Holy Crap....I decided to pair a la gloria cubana series R 5 natural with a rochefort 6 belgian ale and WOW does that compliment each other PERFECTLY its almost as if the beer is a liquid for of the cigar the transition is so seamless. it had to say WOW when I tried it. just magical. such fantastical complexity I urge you all to give the two a go. :thumb:


----------



## Sigarz (Jul 29, 2006)

ok have you ever tried a Belgian brew with a cigar?


----------



## McCleod (Apr 16, 2008)

Sigarz said:


> ok have you ever tried a Belgian brew with a cigar?


I understand it is the European Bud Lite, but I really like Stella. Regards, McCleod.


----------



## Rubix^3 (Nov 10, 2008)

McCleod said:


> I understand it is the European Bud Lite, but I really like Stella. Regards, McCleod.


Yeah but...
Reminds me of a King of the Hill episode when Peggy's Korean neighbor, criticizing Peggy's cooking says: 
"I find missing ingredient...flavor"


----------



## Rubix^3 (Nov 10, 2008)

Also, I am no connoissuer, but I have enjoyed Chimay and Delerium.


----------



## jkalach (Dec 30, 2008)

Not from Belgium, but in the Belgian style are the brews of the Ommegang Brewery in Cooperstown, NY. I had a chance to tour it in 2007 and the brews are excellent. My favorite is the Rare VOS, which is also a favorite of the guys in the brewery (a good sign!). The Abbey Ale and Three Philosophers also compliment cigars pretty well. If you want a real treat, try the Chocolate Indulgence with an Oliva G maduro. Yum!

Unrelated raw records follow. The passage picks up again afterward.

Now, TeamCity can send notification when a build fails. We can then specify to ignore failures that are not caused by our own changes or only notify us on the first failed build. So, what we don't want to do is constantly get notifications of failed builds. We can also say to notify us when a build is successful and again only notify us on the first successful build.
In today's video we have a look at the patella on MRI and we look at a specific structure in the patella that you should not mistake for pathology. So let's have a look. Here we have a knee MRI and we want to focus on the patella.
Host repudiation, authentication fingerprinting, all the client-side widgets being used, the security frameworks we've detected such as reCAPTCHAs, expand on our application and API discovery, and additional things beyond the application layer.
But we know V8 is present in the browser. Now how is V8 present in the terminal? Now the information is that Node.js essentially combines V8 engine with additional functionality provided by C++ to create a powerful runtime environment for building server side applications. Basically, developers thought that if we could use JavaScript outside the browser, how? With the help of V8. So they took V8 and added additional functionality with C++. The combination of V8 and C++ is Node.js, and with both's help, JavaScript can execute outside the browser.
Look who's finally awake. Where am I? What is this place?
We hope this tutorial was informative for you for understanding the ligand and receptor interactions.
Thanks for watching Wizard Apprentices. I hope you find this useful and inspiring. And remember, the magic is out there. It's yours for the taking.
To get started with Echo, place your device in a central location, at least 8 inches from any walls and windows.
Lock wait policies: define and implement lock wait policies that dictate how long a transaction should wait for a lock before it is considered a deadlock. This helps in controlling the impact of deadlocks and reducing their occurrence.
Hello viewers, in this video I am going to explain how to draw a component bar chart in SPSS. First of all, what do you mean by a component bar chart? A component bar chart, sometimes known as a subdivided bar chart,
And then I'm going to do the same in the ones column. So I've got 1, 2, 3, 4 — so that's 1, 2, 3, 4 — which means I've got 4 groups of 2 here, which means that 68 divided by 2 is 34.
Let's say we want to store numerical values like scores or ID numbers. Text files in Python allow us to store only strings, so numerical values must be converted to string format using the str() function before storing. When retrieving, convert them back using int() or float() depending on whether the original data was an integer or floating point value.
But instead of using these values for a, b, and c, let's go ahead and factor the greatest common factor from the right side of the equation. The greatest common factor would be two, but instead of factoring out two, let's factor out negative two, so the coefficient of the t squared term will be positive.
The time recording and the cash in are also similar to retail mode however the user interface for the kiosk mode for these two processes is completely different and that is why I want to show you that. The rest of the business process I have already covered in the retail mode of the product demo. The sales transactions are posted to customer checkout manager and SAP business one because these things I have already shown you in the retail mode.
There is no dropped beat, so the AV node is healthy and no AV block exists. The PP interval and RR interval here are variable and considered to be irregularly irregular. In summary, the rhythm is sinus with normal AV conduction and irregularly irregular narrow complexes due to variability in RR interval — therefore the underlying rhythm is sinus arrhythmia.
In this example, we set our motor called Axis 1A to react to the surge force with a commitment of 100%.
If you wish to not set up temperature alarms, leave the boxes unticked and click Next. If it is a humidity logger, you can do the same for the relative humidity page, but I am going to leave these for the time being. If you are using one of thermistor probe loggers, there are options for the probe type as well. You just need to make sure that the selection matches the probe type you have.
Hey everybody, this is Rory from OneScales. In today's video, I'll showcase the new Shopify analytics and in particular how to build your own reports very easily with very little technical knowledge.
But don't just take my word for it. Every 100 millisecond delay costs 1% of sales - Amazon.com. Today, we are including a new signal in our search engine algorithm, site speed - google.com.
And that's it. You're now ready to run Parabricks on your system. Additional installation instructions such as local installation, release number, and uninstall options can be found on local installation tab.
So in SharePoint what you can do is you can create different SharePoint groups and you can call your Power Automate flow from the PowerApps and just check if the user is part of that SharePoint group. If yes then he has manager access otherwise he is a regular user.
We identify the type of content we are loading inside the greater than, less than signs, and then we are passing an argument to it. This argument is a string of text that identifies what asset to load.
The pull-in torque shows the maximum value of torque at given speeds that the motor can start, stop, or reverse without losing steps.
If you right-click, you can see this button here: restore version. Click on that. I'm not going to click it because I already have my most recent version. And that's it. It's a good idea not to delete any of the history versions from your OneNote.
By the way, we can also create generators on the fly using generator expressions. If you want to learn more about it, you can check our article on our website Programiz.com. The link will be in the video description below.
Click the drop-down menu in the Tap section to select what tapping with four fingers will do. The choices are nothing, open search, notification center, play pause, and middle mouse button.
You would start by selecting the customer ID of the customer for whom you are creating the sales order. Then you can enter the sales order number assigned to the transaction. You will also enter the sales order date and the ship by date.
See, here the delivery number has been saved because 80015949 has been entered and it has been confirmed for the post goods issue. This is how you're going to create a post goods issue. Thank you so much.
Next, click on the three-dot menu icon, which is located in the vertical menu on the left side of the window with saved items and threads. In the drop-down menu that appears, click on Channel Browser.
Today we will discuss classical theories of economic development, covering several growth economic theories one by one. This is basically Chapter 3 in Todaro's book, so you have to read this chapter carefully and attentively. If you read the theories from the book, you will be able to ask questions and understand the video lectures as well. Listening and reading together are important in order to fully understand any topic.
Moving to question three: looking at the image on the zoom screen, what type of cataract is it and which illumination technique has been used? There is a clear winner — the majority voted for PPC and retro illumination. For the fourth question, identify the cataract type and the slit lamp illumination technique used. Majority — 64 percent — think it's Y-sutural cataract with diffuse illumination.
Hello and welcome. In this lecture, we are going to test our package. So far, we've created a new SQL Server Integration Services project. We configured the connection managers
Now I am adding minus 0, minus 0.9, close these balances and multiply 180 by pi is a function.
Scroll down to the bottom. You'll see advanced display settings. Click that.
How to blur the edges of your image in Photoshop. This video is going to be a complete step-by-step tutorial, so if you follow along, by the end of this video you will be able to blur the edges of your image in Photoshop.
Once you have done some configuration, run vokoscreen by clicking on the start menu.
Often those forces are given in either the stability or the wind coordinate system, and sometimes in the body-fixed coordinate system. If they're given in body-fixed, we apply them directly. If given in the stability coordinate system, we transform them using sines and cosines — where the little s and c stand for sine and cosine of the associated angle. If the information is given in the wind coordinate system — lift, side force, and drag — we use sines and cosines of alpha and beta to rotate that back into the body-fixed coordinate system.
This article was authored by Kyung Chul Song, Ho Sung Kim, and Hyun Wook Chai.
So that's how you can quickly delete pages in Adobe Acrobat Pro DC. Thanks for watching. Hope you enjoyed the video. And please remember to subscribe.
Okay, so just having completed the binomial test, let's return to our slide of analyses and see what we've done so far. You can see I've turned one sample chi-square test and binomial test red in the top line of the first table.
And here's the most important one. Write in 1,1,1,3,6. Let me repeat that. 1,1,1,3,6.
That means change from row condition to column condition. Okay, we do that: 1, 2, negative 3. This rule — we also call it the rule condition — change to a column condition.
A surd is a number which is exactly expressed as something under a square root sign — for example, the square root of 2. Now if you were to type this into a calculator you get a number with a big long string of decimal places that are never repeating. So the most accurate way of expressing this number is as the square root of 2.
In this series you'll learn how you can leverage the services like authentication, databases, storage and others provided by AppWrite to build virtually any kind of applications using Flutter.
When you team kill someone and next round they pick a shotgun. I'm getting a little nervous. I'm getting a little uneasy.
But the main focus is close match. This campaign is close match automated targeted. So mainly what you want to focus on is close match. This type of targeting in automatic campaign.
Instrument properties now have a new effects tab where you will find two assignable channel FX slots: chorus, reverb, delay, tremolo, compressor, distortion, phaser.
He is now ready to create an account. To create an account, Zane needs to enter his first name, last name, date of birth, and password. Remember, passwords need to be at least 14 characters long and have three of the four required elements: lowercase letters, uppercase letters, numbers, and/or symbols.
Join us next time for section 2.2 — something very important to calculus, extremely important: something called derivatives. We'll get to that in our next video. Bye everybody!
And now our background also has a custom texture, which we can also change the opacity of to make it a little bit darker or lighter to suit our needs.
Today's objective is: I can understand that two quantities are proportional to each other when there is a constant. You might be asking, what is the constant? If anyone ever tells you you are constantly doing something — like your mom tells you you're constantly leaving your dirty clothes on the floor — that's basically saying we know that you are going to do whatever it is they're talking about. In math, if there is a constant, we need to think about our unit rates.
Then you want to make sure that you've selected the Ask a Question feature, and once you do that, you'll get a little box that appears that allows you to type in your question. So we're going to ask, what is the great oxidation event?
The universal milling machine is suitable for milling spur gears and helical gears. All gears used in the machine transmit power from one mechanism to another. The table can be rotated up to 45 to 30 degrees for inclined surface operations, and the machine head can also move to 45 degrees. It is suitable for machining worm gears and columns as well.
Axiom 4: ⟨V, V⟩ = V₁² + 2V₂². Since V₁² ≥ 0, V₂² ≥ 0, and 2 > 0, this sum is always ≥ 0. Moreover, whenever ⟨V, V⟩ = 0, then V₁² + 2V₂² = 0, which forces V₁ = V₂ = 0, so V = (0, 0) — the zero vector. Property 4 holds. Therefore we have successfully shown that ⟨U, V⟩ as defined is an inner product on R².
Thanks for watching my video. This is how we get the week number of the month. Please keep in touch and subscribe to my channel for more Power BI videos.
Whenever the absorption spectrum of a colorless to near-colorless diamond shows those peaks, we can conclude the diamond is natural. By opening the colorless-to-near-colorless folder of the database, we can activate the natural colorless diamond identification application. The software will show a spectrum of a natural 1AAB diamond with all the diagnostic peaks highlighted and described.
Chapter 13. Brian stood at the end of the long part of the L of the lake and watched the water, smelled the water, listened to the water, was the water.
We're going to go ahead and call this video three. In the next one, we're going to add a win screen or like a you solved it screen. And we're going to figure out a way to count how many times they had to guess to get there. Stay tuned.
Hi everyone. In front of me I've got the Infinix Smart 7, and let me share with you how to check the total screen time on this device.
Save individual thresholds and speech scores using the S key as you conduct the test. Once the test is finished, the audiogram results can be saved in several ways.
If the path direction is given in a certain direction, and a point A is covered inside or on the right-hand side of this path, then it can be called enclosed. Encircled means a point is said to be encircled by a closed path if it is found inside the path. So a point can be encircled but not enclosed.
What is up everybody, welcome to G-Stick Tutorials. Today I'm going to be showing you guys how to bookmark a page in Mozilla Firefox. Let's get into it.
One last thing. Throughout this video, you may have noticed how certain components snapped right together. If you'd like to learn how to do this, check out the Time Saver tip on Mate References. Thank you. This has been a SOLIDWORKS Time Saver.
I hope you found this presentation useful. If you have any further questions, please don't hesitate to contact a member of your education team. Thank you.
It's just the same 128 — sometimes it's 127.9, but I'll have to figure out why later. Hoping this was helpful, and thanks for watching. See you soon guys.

You can read about them all here Brewery Ommegang. Belgian brewing in America.


----------



## mrreindeer (Sep 4, 2008)

McCleod said:


> I understand it is the European Bud Lite, but I really like Stella.


:biggrin1: I like it when I'm looking for something nice & light but Belgians are definitely the way to go.

Chimay is great stuff and so much more readily available these days. I too like Delirium Tremens (not this kind: *Delirium tremens* is a severe form of alcohol withdrawal that involves sudden and severe mental or neurological changes.)

I also like Affligem, Karmeliet Tripel, Corsendonk, Leffe Triple and Maredsous 8.

And my absolute favorite U.S. beer is out of the Russian River Brewing Company....Pliny the Elder (Double IPA): Russian River Brewing Co.

mrsreindeer signed me up for the Beer of the Month club and they send me a couple great Belgians every month I've never even heard of!


----------



## domerthefrog (Sep 2, 2009)

Blue Moon is very good, with a slice of orange....

Lindemans Lambic has many flavors and is VERY good, especially with a cigar. 
The Raspberry or Peach or even Apple. 
Kinda pricey, comes in larger bottles with a cork and cap. One of my favorites.


----------